CONCEPT Cited by 1 source

Merge-on-read (MOR)¶

Merge-on-Read (MOR) is the row-level update strategy in open table formats where mutations are persisted as separate delta files (append-only insert / update / delete records) that sit alongside the immutable base files, and the merge happens at query time — the reader combines base + delta to reconstruct current state. The paired strategy is copy-on-write (COW), which rewrites whole data files on every mutation.

MOR is the default-or-offered strategy on all three canonical open table formats: systems/apache-iceberg, systems/apache-hudi (explicit MERGE_ON_READ table type, as distinct from COPY_ON_WRITE), and systems/delta-lake.

The trade-off in one sentence¶

MOR trades fast writes for slower reads, then buys back the read performance with periodic compaction that collapses accumulated deltas into read-optimized base files — which is just copy-on-write merge run in the background rather than on the write path.

Why MOR exists¶

COW gives readers the simplest possible job — open a single set of immutable files, scan them — but pays for that read simplicity on the write path: every mutation rewrites the base files containing the affected rows, with full I/O amplification.

That write amplification is prohibitive for:

Change Data Capture (CDC) ingests — a continuous stream of small upserts whose data volume is dwarfed by the file-rewrite cost COW would impose. (Source: sources/2025-09-30-expedia-prefer-merge-into-over-insert-overwrite)
Slowly-changing dimensions (SCD) — classic dimensional-modeling workloads where a dimension table gets continuous row-level edits.
Targeted MERGE INTO workloads where the affected row count is a tiny fraction of the table.

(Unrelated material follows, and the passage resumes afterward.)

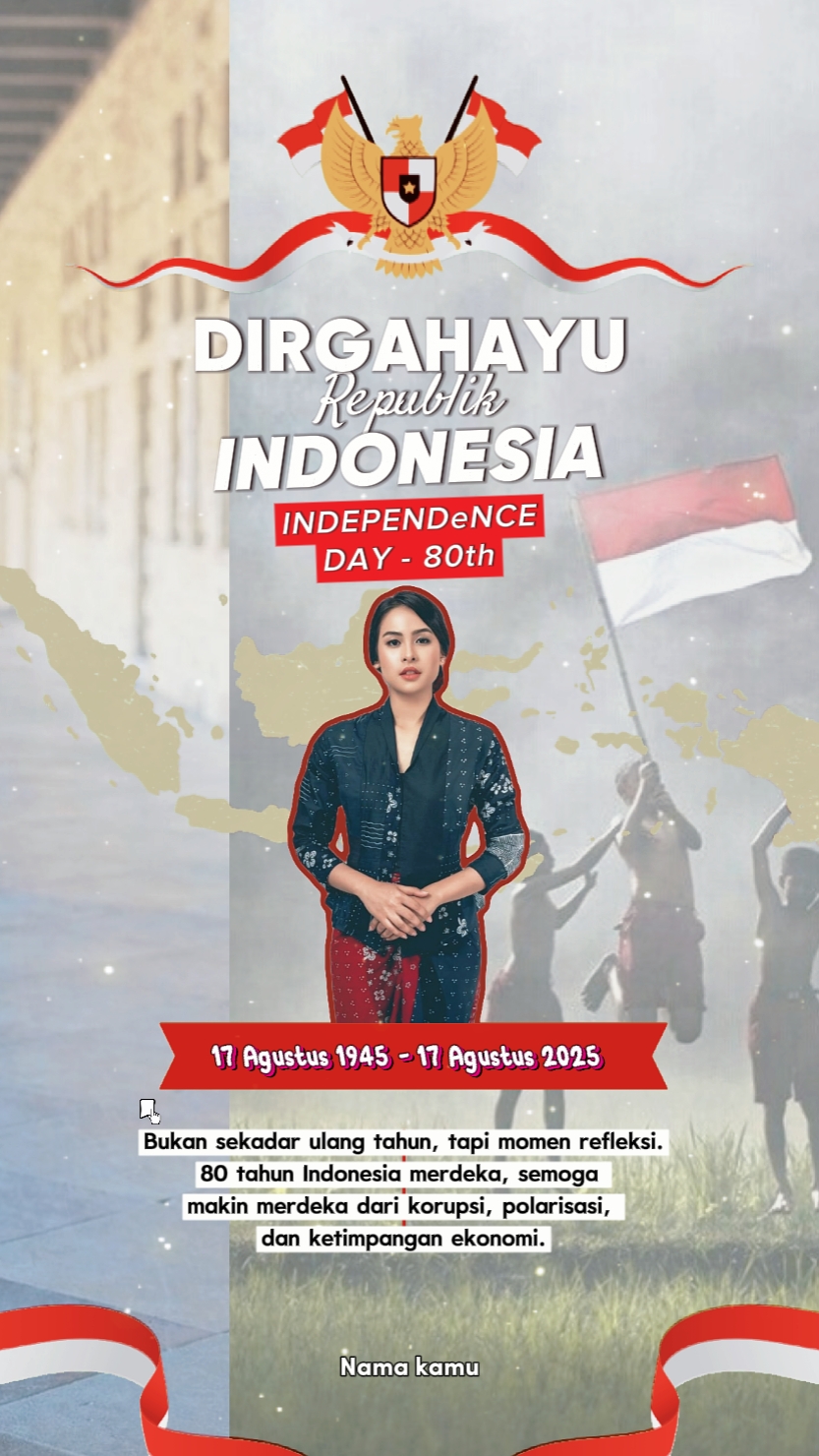 Dirgahayu RI ke-80th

MOR sidesteps the write amplification by writing only the delta and deferring the merge.

Mechanics¶

Base files — immutable columnar files (typically Parquet) representing table state as of the last compaction.
Delta files — smaller, append-only files recording row-level mutations since that snapshot. Two common shapes: position deletes (delete-by-row-position in a named base file) and equality deletes (delete-by-predicate over column values); inserts are just new data files.
Readers merge base + delta at scan time, applying deletes and overlaying updates per the merge key.
Compaction periodically rewrites base+delta into a new, smaller set of base files with zero deltas — this is exactly copy-on-write merge running in the background. (Source: sources/2025-09-30-expedia-prefer-merge-into-over-insert-overwrite)

Performance properties¶

Write path (Expedia, 2025-09-30):

Faster writes — append-only delta files, no base-file rewrite.
Reduced I/O — only mutated rows touch disk; object-store operation count drops.
Scales with data volume — write cost is proportional to delta size, not table size.

Read path:

Baseline read cost rises with delta-file count per touched base file. One or two delta files: negligible overhead. Many: measurable per-scan merge cost.
Predicate pushdown still works on base files; deltas have to be consulted to correct the output. Min/max stats on base files stay honest between compactions.
Compaction cadence is the primary knob: too rare → query regressions as delta count grows; too frequent → write-side cost creeps back toward COW.

The compaction invariant¶

"Compaction becomes necessary as the number of delta files grows to maintain optimal performance." (Source: sources/2025-09-30-expedia-prefer-merge-into-over-insert-overwrite)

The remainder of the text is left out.